### [Data provided]

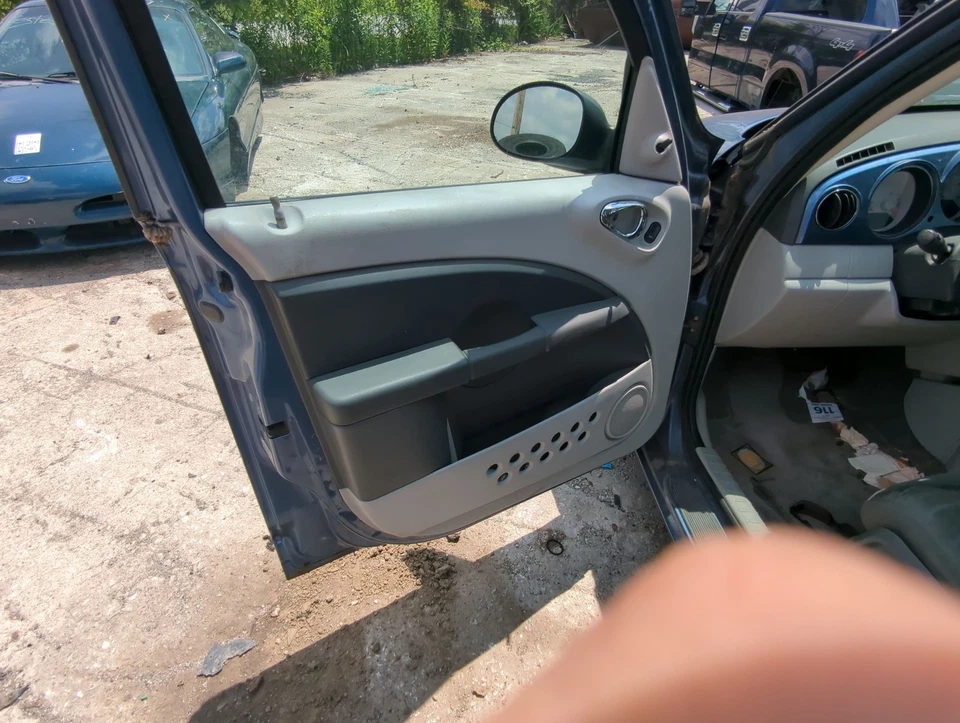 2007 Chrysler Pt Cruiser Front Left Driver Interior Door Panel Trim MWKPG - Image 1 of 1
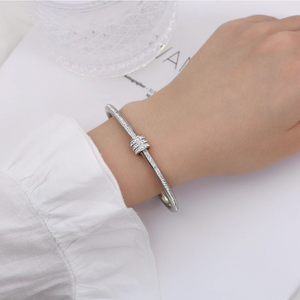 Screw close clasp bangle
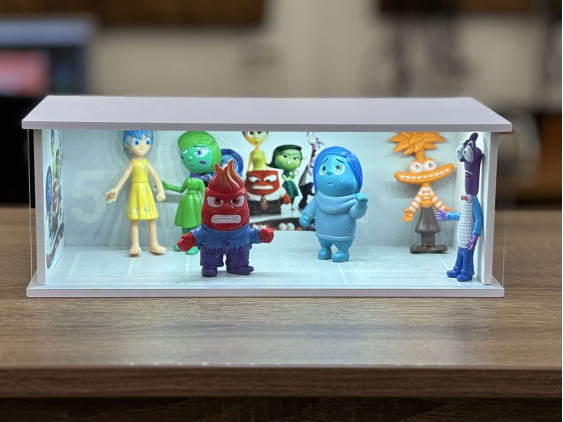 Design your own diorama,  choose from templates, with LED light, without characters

--

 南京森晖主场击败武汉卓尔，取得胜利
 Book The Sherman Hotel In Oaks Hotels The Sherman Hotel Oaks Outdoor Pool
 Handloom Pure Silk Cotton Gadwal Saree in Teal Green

...

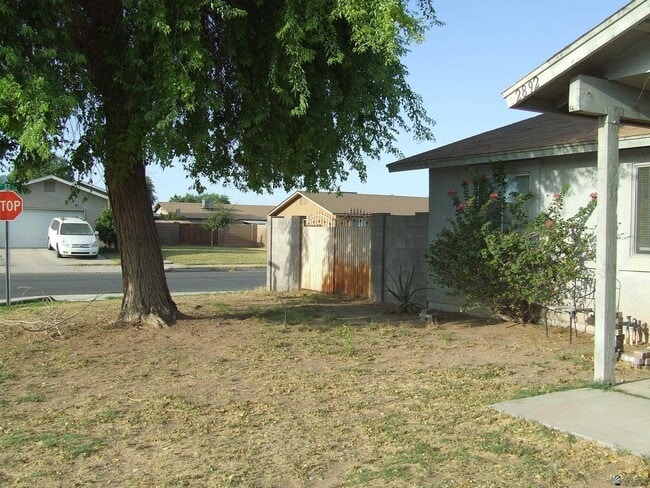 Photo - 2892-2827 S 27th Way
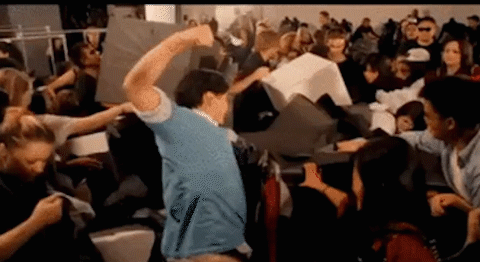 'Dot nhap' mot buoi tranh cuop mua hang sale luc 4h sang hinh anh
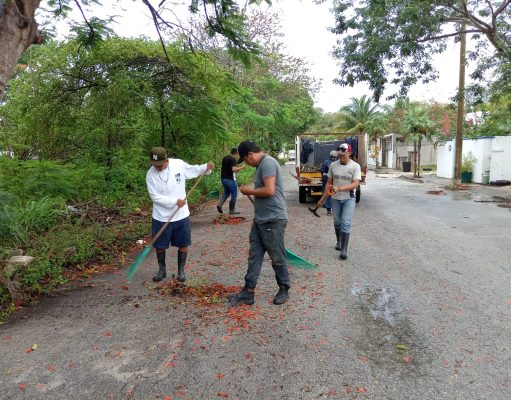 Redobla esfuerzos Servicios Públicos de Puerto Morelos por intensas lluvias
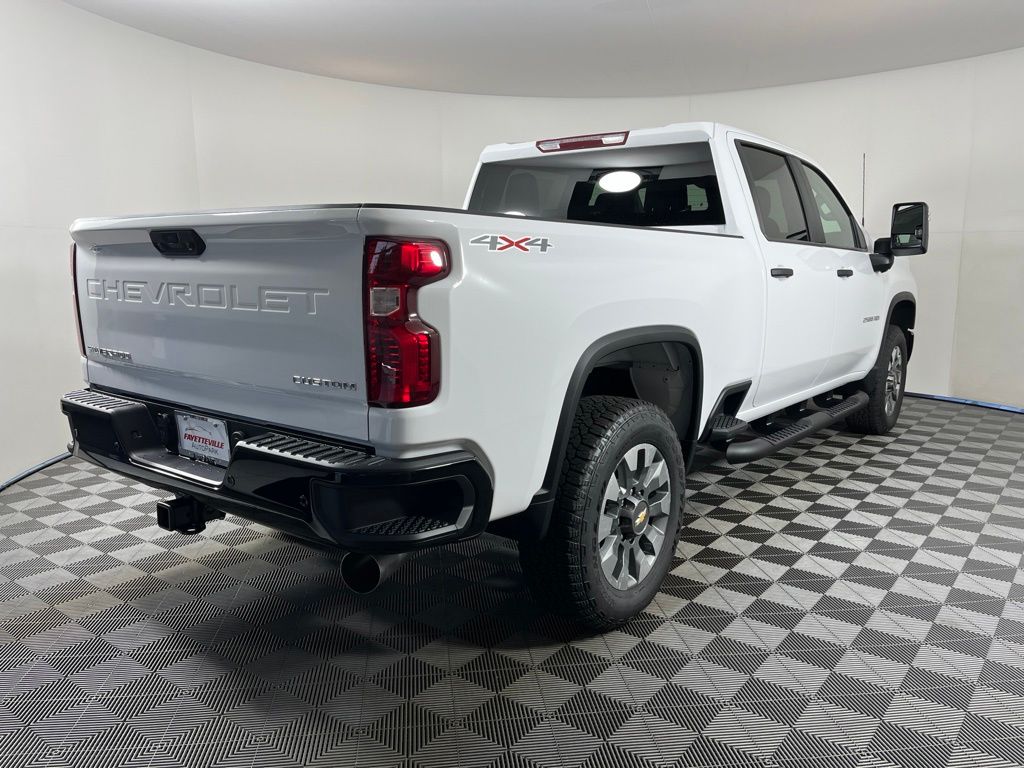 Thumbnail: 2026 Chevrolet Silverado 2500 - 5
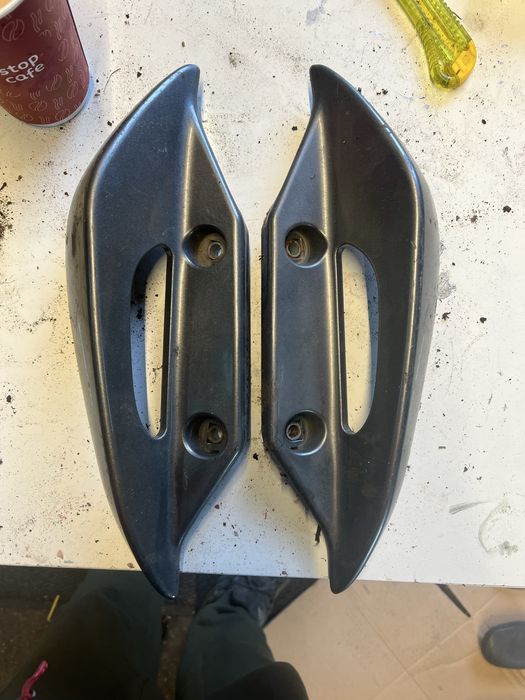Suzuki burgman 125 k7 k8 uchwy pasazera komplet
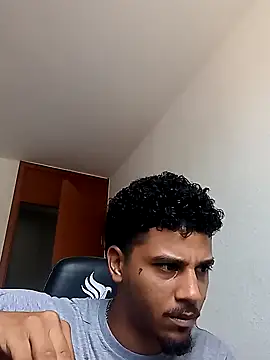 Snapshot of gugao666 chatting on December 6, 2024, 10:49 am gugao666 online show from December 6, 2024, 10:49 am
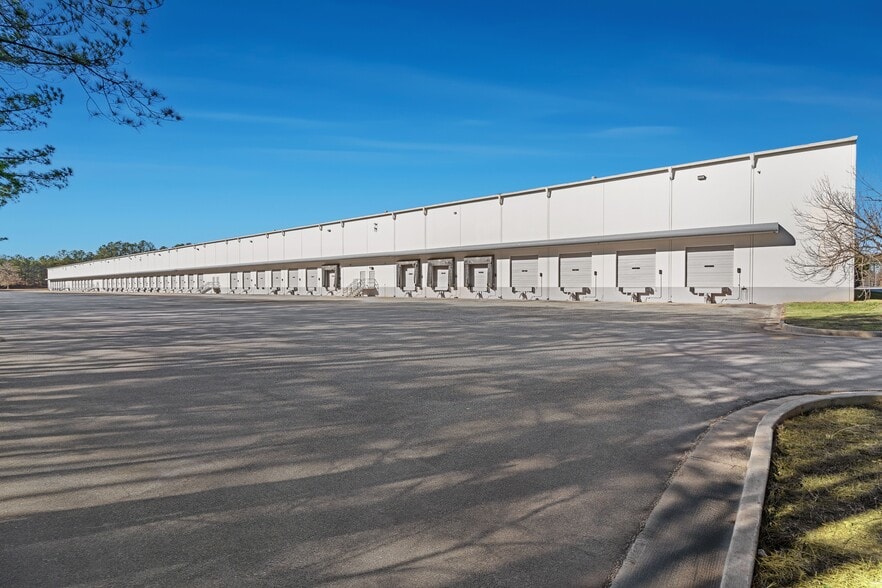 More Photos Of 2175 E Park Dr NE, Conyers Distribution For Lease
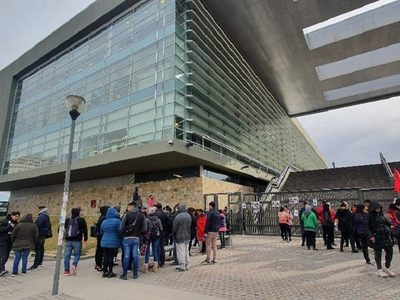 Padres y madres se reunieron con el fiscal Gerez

### [Problem details]
Only the lines above from the one with "Screw close clasp bangle" to the one with "Design your own" should be printed, both included and exactly as written; no picture belongs in the copy.

### [Written solution]
 Screw close clasp bangle
 Design your own diorama,  choose from templates, with LED light, without characters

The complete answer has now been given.